JERUSALEM (Reuters) - Israeli leaders played down on Thursday a possible Biden administration review of U.S. arms sales to the United Arab Emirates that girded the Gulf power’s rapprochement with Israel.
Washington said on Wednesday it had temporarily paused some pending arms sales to U.S. allies. The Trump administration, having brokered formal Israel-UAE ties in September, approved a first sale of F-35 warplanes and other weaponry for Abu Dhabi.
Reviews of this sort are typical after a U.S. presidential handover. The UAE said it had anticipated the move and would work closely with the Biden administration.

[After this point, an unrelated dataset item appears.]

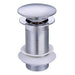 The White Space Sprung Plug Basin Waste Large Cover - Unslotted - Unbeatable Bathrooms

Israel is the only country in the region to have the F-35. After initially voicing misgivings at its sale to the UAE, Prime Minister Benjamin Netanyahu and Defence Minister Benny Gantz relented amid Trump administration assurances that Israeli military superiority would be preserved.

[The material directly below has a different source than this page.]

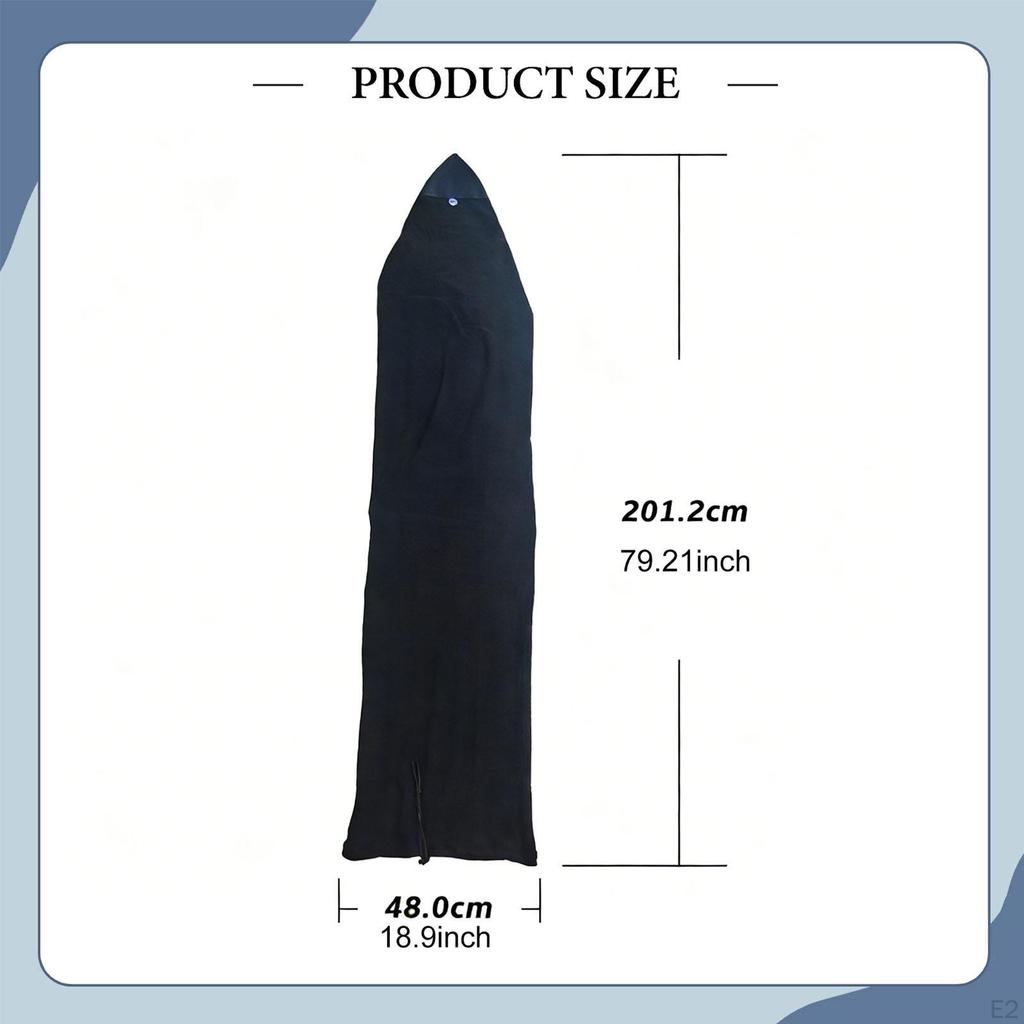 Чехол-носок для серфборда Аксессуары для водных видов спорта 6.6' Сумка для хранения Черный с карманом и шнурком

Asked by reporters if the review might set back Israel’s efforts to build up relations with the UAE and other Arab countries, Netanyahu said: “I don’t think so. I think we have passed the point of no-return.”
“Everyone understands that there are huge advantages here. It’s peace in exchange for peace ... I think it’ll move ahead.”
Gantz described the review as “routine”.
Interviewed by Ynet TV, Gantz said he would speak to his U.S. counterpart, Lloyd Austin, on Thursday but did not elaborate.